El desembarco de la nueva reglamentación técnica en 2026 no ha sido el camino de rosas que la Fórmula 1 imaginaba.
La FIA y los equipos evaluarán cambios técnicos inmediatos para corregir los problemas de gestión energética y seguridad que marcaron el polémico inicio de la nueva era de la Fórmula 1.

El desembarco de la nueva reglamentación técnica en 2026 no ha sido el camino de rosas que la Fórmula 1 imaginaba.
Tras un inicio de temporada convulso, según revela una investigación del portal británico The Race, los jefes de equipos de la F1 y la FIA han pactado una tregua estratégica: esperar a que baje la bandera a cuadros en el Gran Premio de China este fin de semana para recolectar datos definitivos y, posiblemente, anunciar cambios estructurales antes de la cita en Japón a finales de marzo.
Aunque el nuevo concepto de chasis más ágiles ha sido bien recibido por su estética y dimensiones, el corazón del problema late en las unidades de potencia.
La excesiva dependencia de la gestión de la batería ha transformado la conducción en un ejercicio que muchos pilotos definen como "antinatural".
El consenso en el paddock es que, si bien se han multiplicado los adelantamientos, la calidad de los mismos se percibe artificial, restando épica al espectáculo.
El foco de las críticas apunta a cómo los monoplazas recolectan y despliegan su energía eléctrica. Actualmente, los pilotos se ven obligados a gestionar el sistema de una manera que penaliza el ritmo de carrera puro.
Lando Norris, flamante campeón del mundo, fue tajante tras la apertura en Australia al afirmar que la categoría podría haber pasado de tener los mejores autos de la historia a los peores en términos de sensaciones al volante.
El debate técnico se centra en tres vías de solución: aumentar la capacidad de cosecha de energía (superclipping), reducir la potencia máxima disponible para estirar la autonomía de las baterías, o permitir un mayor flujo del motor de combustión interna.
Nikolas Tombazis, director de monoplazas de la FIA, admitió en declaraciones recogidas por el medio citado que tienen "ases bajo la manga" para ajustar el software y la entrega de potencia sin necesidad de rediseñar los motores por completo, una medida que se discutiría formalmente la próxima semana.
Más allá del espectáculo, la seguridad se ha convertido en la prioridad urgente. La enorme brecha de velocidad entre un coche con la batería llena y uno que está en fase de recarga ha generado situaciones de alto riesgo.
Norris advirtió sobre diferenciales de hasta 50 km/h en plena recta: "Cuando alguien choca a esa velocidad, el auto vuela. Es horrible pensar en las consecuencias", señaló el piloto de McLaren.
A esto se suma la inestabilidad en las largadas.
El incidente en Melbourne, donde Franco Colapinto esquivó por centímetros al Racing Bull de Liam Lawson, encendió las alarmas.
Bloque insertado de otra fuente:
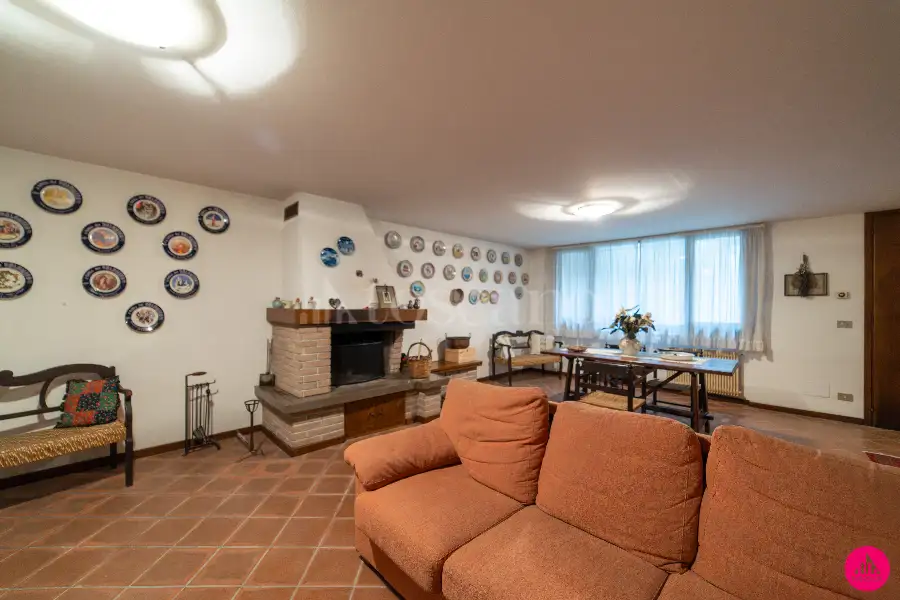 Villino a Schiera in vendita di 310 mq a €440.000 (rif. 53/2026)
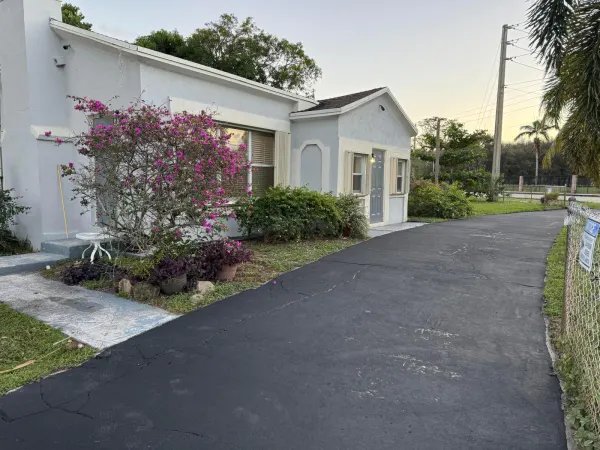 701 SW 8th Avenue, Delray Beach, FL 33444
La dificultad de los nuevos sistemas para entregar una potencia lineal desde cero está convirtiendo el inicio de las carreras en una lotería peligrosa que la asociación de pilotos (GPDA) exige revisar de inmediato.
A pesar de las quejas, la dirigencia busca evitar decisiones impulsivas. James Vowles, jefe de Williams, fue claro al señalar que "lo peor sería cambiar algo y empeorarlo".
Por su parte, Toto Wolff, cuyo equipo Mercedes ha comenzado dominando la tabla, mostró una apertura inusual hacia los cambios, priorizando el producto final para el aficionado por encima de la ventaja competitiva actual de sus flechas de plata.
Incluso Stefano Domenicali, CEO de la F1, ha deslizado que la flexibilidad es clave. El calendario actual juega a favor de la reflexión: la inminente suspensión de las carreras en Medio Oriente debido a la inestabilidad regional otorgará a las fábricas un "respiro" técnico en abril.
Este hueco en la agenda permitiría producir y probar las actualizaciones necesarias para que, cuando la categoría llegue al GP de Miami en mayo, los problemas de juventud de esta nueva era sean cosa del pasado.